Evaluation of stability and size distribution of sunflower oil-coated micro bubbles for localized drug delivery.

BACKGROUND

Micro bubbles were initially introduced as contrast agents for ultrasound examinations as they are able to modify the signal-to-noise ratio in imaging, thus improving the assessment of clinical information on human tissue. Recent developments have demonstrated the feasibility of using these bubbles as drug carriers in localized delivery. In micro fluidics devices for generation of micro bubbles, the bubbles are formed at interface of liquid gas through a strangulation process. A device that uses these features can produce micro bubbles with small size dispersion in a single step.

METHODS

A T-junction micro fluidic device constructed using 3D prototyping was made for the production of mono dispersed micro bubbles. These micro bubbles use sunflower oil as a lipid layer.
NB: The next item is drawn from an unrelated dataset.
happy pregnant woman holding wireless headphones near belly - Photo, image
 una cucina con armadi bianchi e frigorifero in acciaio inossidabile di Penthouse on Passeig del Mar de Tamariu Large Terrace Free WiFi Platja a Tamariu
Stability studies for micro bubbles with diameters different generated from a liquid phase of the same viscosity were conducted to evaluate whether micro bubbles can be used as drug carriers. The biocompatibility of coating layer, the ability to withstand environmental pressure variations combined with echogenicity, are key factors that they can safely play the role of drug transporters.

RESULTS

The normal distribution curve with small dispersion of the diameter of bubbles validates the process of generating micro bubbles with low value of variation coefficient, i.e., 0.381 at 1.90%. The results also showed the feasibility of using sunflower oil as the lipid matrix with stable population of bubbles over 217 minutes for micro bubbles with an average diameter of 313.04 μm and 121 minutes for micro bubbles with an average diameter of 73.74 μm, considering bubbles with air as gaseous phase.

CONCLUSION

The results indicate that the micro fluidic device designed can be used for producing micro bubbles with low variation coefficient using sunflower oil as a coating of micro bubbles. These carriers were stable for periods of time that are long enough for clinical applications even when regular air is used as the gas phase. Improved stability can be achieved when biocompatible gas with lower permeability is used.